• **EXERCISE REQUIREMENTS**
An exact copy of the data is required. No picture may appear in it.

• **COLLECTED DATA**
⁂
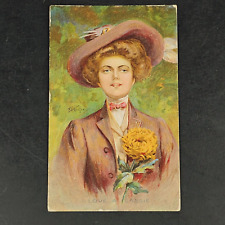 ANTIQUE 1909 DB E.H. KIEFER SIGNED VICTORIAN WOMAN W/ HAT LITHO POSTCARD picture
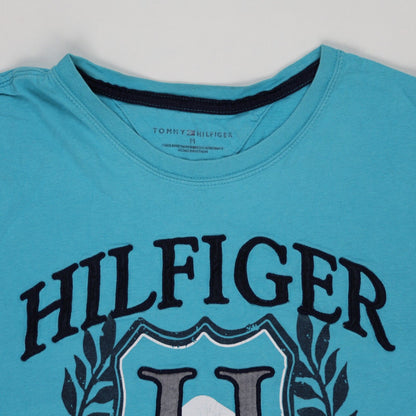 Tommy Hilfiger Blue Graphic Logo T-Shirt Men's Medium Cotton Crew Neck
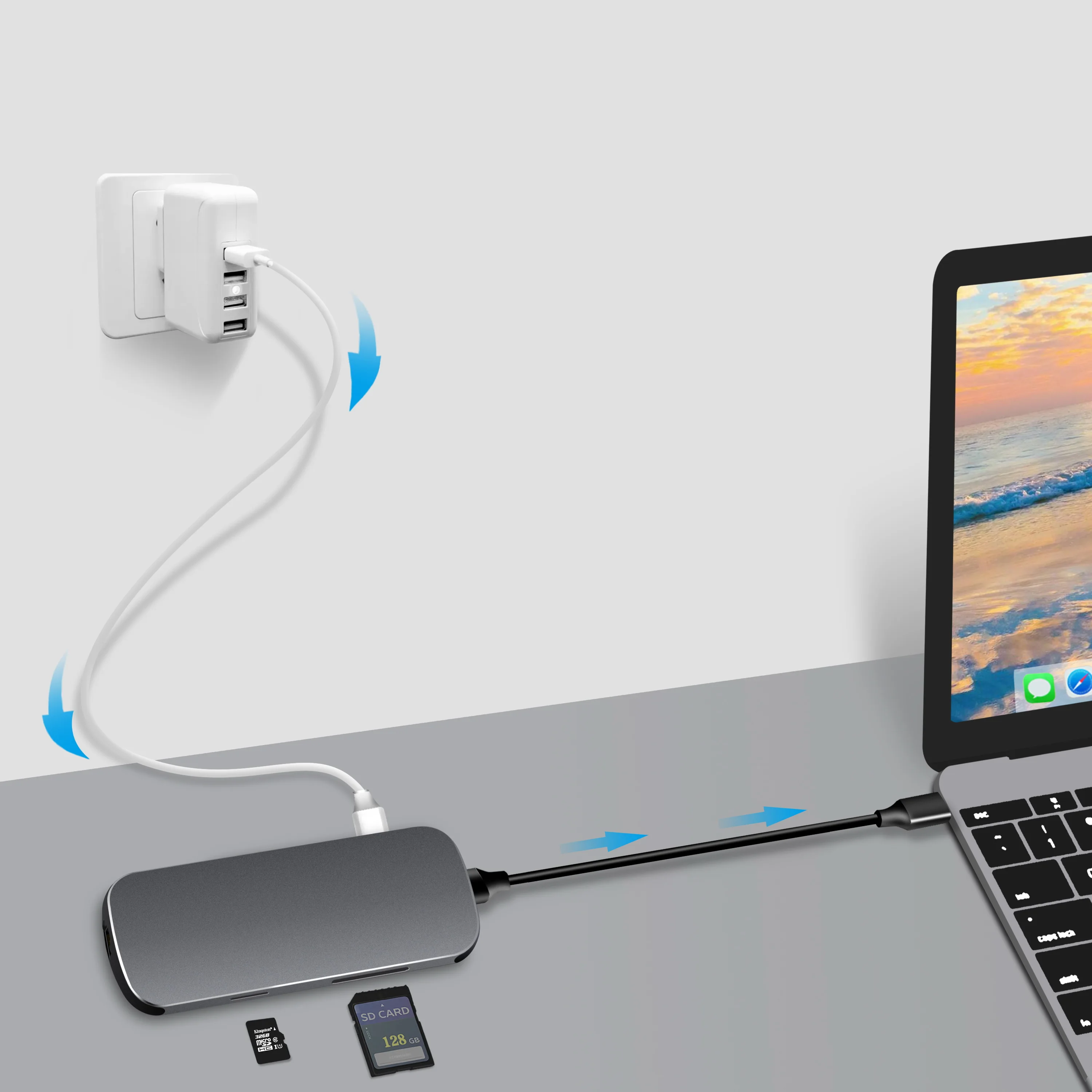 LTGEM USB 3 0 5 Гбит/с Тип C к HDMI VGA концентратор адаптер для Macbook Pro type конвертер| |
⁂
• **RESULT FOR THIS EXERCISE**
 ANTIQUE 1909 DB E.H. KIEFER SIGNED VICTORIAN WOMAN W/ HAT LITHO POSTCARD picture
 Tommy Hilfiger Blue Graphic Logo T-Shirt Men's Medium Cotton Crew Neck
 LTGEM USB 3 0 5 Гбит/с Тип C к HDMI VGA концентратор адаптер для Macbook Pro type конвертер| |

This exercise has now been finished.